WHAT IS EXPECTED: Your task is to give the listing below back word for word, pictures excluded.

SOURCE MATERIAL:
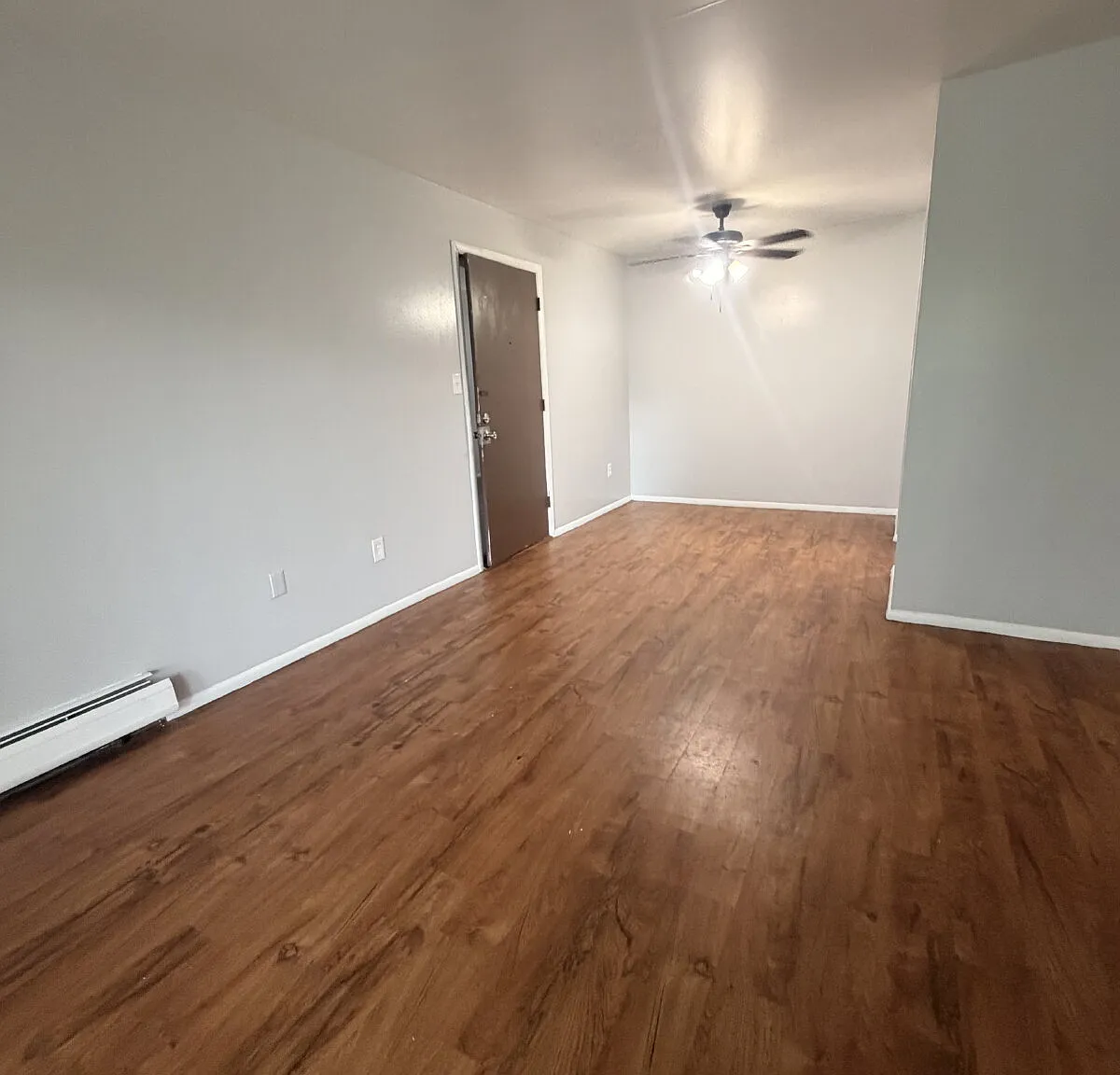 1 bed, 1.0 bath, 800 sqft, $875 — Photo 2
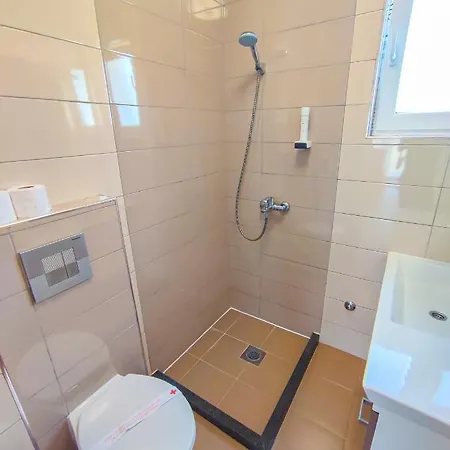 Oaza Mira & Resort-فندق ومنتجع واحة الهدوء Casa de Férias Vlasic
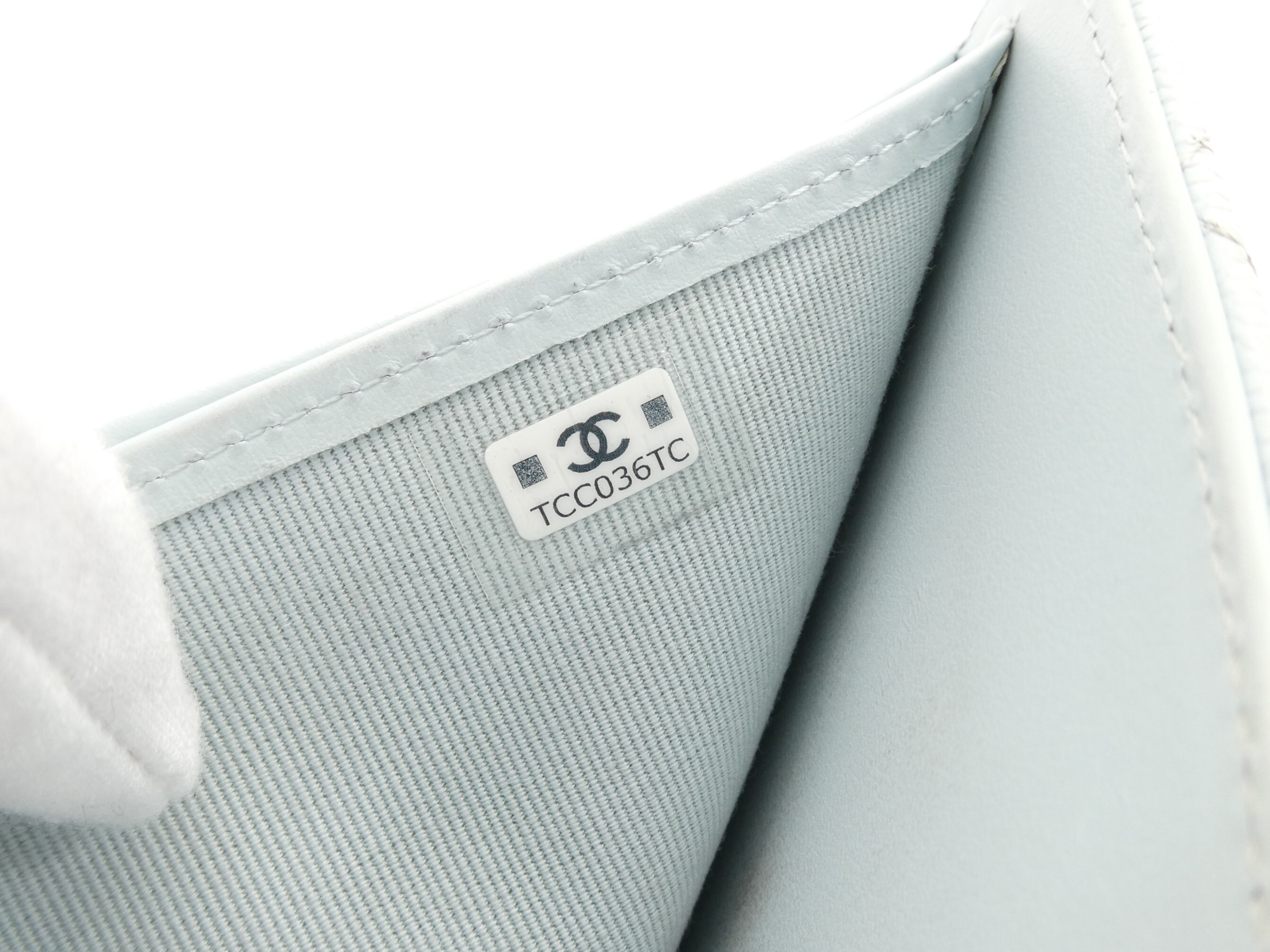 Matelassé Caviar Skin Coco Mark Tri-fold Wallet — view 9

OUTPUT BELOW:
 1 bed, 1.0 bath, 800 sqft, $875 — Photo 2
 Oaza Mira & Resort-فندق ومنتجع واحة الهدوء Casa de Férias Vlasic
 Matelassé Caviar Skin Coco Mark Tri-fold Wallet — view 9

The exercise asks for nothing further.